| PROVIDED MATERIAL |
▬▬▬

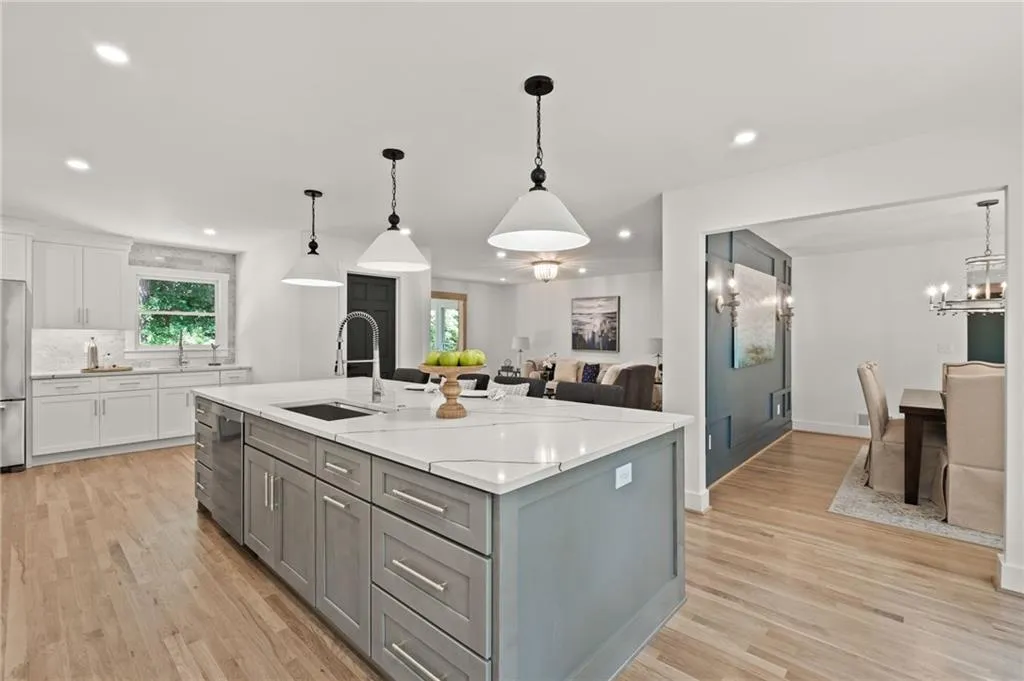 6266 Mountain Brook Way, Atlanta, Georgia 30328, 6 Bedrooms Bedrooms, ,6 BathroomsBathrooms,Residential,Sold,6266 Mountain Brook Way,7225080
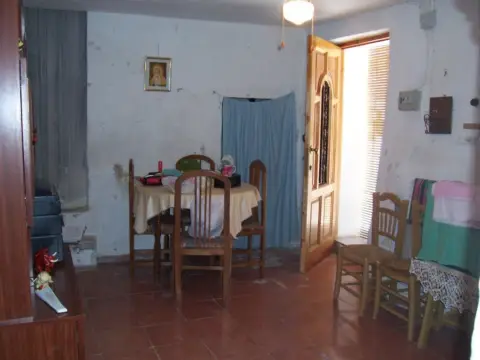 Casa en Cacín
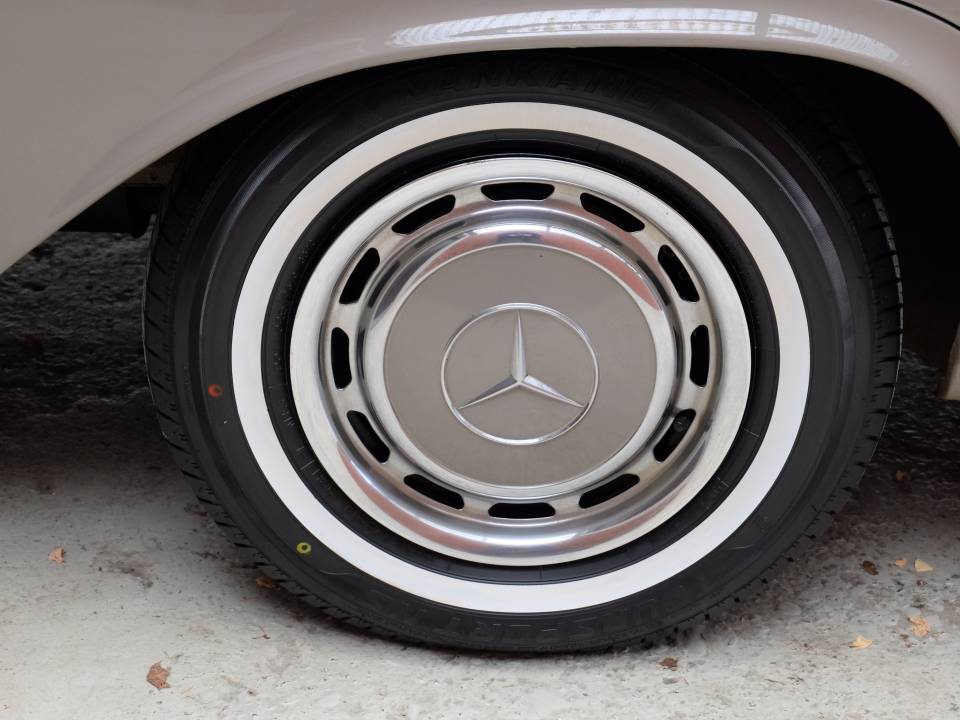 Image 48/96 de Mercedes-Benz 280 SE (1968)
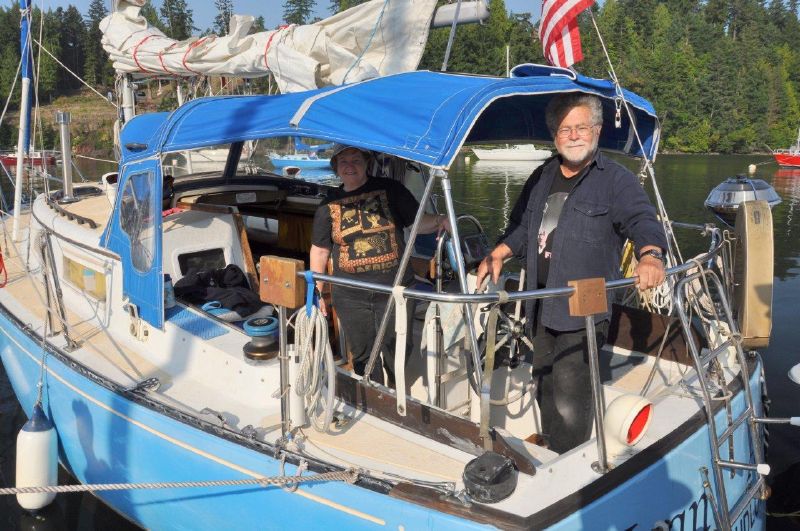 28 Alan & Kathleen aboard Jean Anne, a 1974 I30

▬▬▬

| TO DO |
Leaving out every picture, extract verbatim the lines from the one containing "Casa en Cacín" through the last line of the listing, inclusive.

| YOUR SOLUTION |
 Casa en Cacín
 Image 48/96 de Mercedes-Benz 280 SE (1968)
 28 Alan & Kathleen aboard Jean Anne, a 1974 I30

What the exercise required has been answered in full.